# A simple guessing game

You and your friend play a simple guessing game. Your friend thinks of a secret whole number between 1 and 10, inclusive. If you ask your friend what the number is, the following happens:

• With 80% probability he will tell you a number chosen uniformly at random between 1 and 10, inclusive.
• Otherwise he will tell you his secret number.

You can repeat the question as many times as you want. How can you find the secret number with a high degree of confidence (greater than 99%) and what is the least number of questions needed to achieve that?

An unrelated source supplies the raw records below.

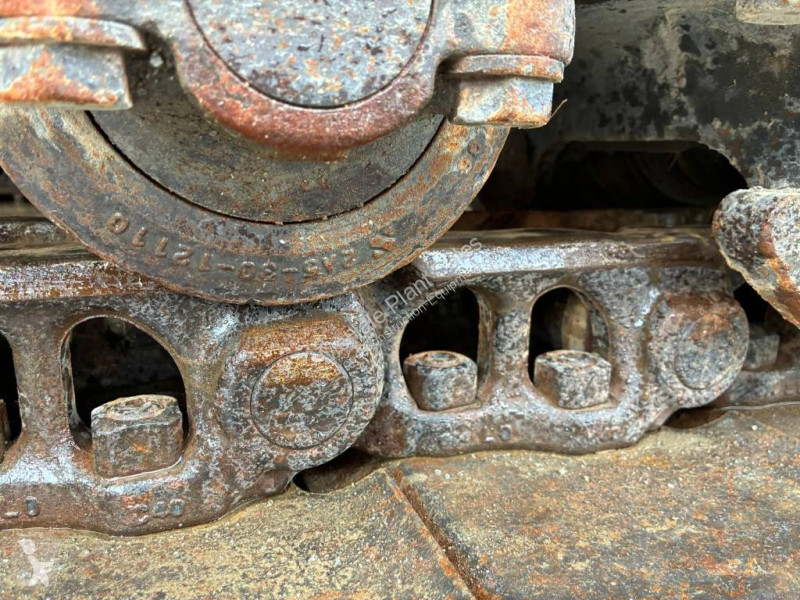 جرافة Komatsu LC11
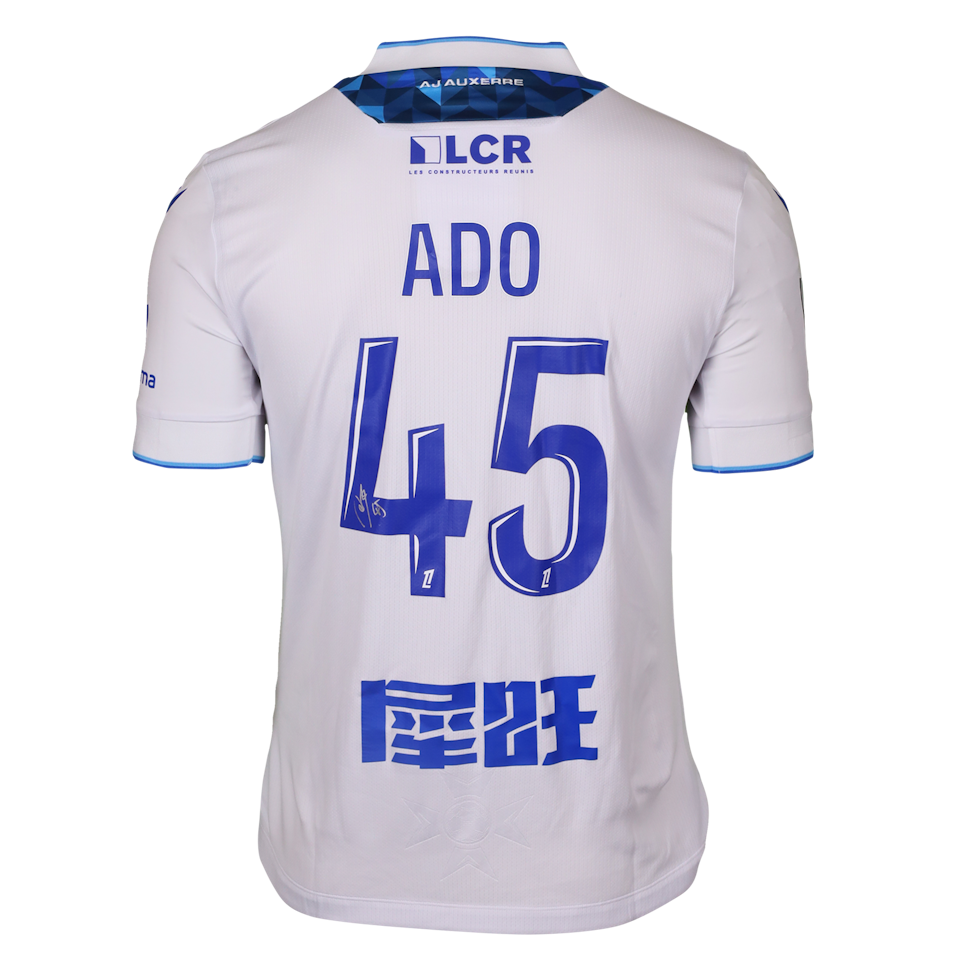 Ado Onaiwu AJ Auxerre shirt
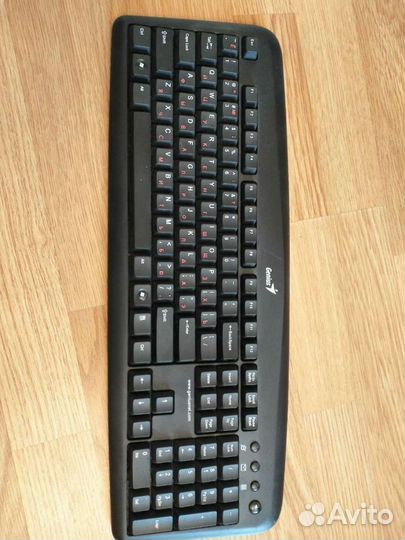 Беспроводная клавиатура и мышка Genius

You are told the secret number with probability $$\frac15+\frac45\cdot\frac1{10}=\frac7{25}$$ and some other specific number with probability $$\frac45\cdot\frac1{10}=\frac2{25}$$. The Bayesian/maximum likelihood approach to the problem thus goes like this:
1. Initialise $$10$$ probabilities $$p_1=\dots=p_{10}=\frac1{10}$$.
2. Make queries. If your query results in $$c$$, multiply $$p_c$$ by $$7$$ and all other $$p_i$$ by $$2$$ (or just $$p_c$$ by $$3.5$$), then normalise to make $$\sum_ip_i=1$$.
3. If at any point one of the $$p_i$$ exceeds $$0.99$$, you are that confident that $$i$$ is the secret number and may stop.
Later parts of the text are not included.